BREWERS, sb. pl. the brim of a hat. H.

BRIĀNER, sb. the wild bryony. Gk. βρυώνη. The a is long.

BRICKLE, adj. brittle. M.E., brokel, bruchel.

BRIDGE, v. to abate.

'He wouldn't bridge sixpence.'

BRIDLESTYE or BRIDLESTYLE, sb. a narrow road for horses and not for carriages.

BRIERLEY FURLONG, a field at Hazelbarrow, in Norton parish.

This is evidence of the existence of the common field system, a furlong being a group of strips or seliones in one of the common or open fields.
'The Briery field lying next the hagg.'—Harrison.

BRIG, sb. a bridge.

BRIGHT.

'A close of meadow and arrable called Bright with a cottage in it lying between Rivelin firth, &c.'—Harrison.

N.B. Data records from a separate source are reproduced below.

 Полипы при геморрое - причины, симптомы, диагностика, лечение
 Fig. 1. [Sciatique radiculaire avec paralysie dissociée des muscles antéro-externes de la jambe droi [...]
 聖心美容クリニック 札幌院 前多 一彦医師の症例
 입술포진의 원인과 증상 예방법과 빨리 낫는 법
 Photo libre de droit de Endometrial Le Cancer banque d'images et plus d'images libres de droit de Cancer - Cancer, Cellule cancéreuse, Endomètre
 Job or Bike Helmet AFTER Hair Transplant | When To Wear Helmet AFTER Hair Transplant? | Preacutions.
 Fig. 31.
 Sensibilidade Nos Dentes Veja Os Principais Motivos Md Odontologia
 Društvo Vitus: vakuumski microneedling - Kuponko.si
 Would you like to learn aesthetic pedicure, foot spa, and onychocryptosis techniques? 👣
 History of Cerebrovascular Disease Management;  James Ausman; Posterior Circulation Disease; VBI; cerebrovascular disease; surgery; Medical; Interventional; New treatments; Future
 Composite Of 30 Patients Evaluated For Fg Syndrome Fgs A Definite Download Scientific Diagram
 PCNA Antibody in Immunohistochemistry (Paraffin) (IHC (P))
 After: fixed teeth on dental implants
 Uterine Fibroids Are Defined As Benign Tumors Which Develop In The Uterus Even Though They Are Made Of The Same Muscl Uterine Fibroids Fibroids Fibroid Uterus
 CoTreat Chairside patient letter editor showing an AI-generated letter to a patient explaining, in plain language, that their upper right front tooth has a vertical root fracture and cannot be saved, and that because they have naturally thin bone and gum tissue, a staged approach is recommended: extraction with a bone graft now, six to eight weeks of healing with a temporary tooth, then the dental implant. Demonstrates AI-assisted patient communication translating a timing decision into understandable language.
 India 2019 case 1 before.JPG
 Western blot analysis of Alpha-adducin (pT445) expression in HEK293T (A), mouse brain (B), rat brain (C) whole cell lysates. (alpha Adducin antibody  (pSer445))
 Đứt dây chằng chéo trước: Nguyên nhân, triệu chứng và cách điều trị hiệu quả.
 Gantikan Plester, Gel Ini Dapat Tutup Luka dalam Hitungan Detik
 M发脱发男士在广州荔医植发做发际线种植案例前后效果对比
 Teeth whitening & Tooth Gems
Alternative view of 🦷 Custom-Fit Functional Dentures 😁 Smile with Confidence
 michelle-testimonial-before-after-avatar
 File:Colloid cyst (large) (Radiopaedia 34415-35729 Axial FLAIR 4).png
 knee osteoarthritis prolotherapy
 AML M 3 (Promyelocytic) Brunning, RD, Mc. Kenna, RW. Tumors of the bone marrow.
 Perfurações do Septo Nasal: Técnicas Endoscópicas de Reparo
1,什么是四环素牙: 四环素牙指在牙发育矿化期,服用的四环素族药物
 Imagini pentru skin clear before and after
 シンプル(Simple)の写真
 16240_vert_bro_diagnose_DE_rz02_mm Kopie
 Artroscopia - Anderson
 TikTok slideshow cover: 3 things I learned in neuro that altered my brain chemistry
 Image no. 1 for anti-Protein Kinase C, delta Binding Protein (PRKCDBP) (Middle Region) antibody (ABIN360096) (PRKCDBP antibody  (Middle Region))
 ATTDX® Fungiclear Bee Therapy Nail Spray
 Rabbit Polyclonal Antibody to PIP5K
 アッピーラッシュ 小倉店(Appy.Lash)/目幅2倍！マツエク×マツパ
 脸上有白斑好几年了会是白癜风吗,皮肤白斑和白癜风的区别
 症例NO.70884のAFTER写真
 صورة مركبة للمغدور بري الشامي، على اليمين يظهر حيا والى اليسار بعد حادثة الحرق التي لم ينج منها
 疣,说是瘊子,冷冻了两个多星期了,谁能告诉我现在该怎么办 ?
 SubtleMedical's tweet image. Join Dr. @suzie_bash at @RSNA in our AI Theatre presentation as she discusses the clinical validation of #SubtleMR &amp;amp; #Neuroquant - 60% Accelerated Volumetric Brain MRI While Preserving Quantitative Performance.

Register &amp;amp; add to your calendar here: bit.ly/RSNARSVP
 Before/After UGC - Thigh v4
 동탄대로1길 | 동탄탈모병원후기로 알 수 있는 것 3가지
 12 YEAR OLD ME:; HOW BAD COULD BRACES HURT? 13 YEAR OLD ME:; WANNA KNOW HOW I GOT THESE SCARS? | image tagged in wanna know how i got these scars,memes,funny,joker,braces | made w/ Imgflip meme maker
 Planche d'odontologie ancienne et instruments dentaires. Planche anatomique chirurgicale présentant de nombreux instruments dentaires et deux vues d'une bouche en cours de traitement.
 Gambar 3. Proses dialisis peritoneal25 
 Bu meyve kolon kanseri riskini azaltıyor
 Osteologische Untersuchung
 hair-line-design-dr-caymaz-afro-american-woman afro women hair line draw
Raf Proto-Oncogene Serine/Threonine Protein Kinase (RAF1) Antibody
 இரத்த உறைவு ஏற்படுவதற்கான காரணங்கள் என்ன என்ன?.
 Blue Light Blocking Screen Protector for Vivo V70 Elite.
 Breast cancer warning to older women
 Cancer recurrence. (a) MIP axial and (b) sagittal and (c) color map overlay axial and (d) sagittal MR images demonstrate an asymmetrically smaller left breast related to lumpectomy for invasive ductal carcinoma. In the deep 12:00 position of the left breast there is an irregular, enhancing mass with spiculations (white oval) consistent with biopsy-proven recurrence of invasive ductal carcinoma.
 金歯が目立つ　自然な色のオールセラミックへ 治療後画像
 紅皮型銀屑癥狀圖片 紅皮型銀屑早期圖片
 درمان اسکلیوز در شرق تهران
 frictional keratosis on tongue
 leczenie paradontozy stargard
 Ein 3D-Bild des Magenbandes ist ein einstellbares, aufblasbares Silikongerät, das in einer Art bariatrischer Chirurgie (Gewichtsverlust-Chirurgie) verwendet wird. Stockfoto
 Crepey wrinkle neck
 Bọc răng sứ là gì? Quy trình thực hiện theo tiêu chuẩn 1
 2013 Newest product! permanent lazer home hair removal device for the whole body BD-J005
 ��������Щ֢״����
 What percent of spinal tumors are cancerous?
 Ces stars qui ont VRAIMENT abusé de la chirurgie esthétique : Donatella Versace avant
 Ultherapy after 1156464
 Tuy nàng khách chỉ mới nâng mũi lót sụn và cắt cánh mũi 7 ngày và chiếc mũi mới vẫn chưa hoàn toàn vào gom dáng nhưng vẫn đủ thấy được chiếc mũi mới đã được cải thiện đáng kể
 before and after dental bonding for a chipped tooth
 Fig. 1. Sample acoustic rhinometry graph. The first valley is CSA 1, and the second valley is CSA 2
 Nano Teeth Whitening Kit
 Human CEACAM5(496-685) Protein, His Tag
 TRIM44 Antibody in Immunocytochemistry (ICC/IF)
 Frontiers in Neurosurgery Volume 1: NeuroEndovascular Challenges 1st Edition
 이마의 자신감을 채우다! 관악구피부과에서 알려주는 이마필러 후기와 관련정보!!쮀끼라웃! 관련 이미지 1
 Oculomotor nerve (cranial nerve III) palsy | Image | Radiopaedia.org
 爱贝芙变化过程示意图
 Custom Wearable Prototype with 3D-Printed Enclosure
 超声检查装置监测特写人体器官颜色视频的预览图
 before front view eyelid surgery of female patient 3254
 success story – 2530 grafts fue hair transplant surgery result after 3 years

He mentions 'the Bright house carr lying next Neepsends lane.'

BRIGHTSIDE, a suburb of Sheffield.

Hunter (Hallamshire, p. 226) gives as the earliest (1328) form of the word known to him Brekesherth. In 1565 it is called Brykehurst. John Brekesherd occurs in 15 Henry VI. Another spelling (temp. Eliz.) is Brixard. Hunter thinks that Grykesherth in the 'membra castri de Sheffield' is a mistake for Brykesherth. There was a bridge at Brightside in 1655 (ibid.). Harrison, in his Description of England (Holinshed, ed. 1577, fo. 72b), writing of the course of the river Don, says, 'Thence it proceedeth to Westford bridg, Bricksie bridg, and south west of Tinsley receyueth the Cowley streame, that runneth by Ecclefeld.' If Brekesherth be really an old spelling of the place now known as Brightside, then it is M. E. brêche, new ground (Stratmann), and eorde, earth. See BREAKES, above, and OLD EARTH, below. In Staveley a place is called 'the Brecks,' and 'the Brecks' is between Rotherham and Wiekersley. Brichissherd appears to be the old spelling of Brightside in a deed dated before 1181.—Eastwood's Ecclesfield, p. 58. Brigthwait occurs in a document affecting lands in Ecclesfield in II Edward III. It appears to be the place now called Butterthwaite. In the Poll Tax Returns for Handsworth, near Sheffield, 1379, is 'Henricus Breyksarth,' p. 45. On the same page is 'Johannes Brixard.' Brightsydhoulmes in 1624.

BRIGS, sb.pl. bars upon which a brewing sieve is put, and through which the liquor was siled.

BRIM, adj. accensus libidine.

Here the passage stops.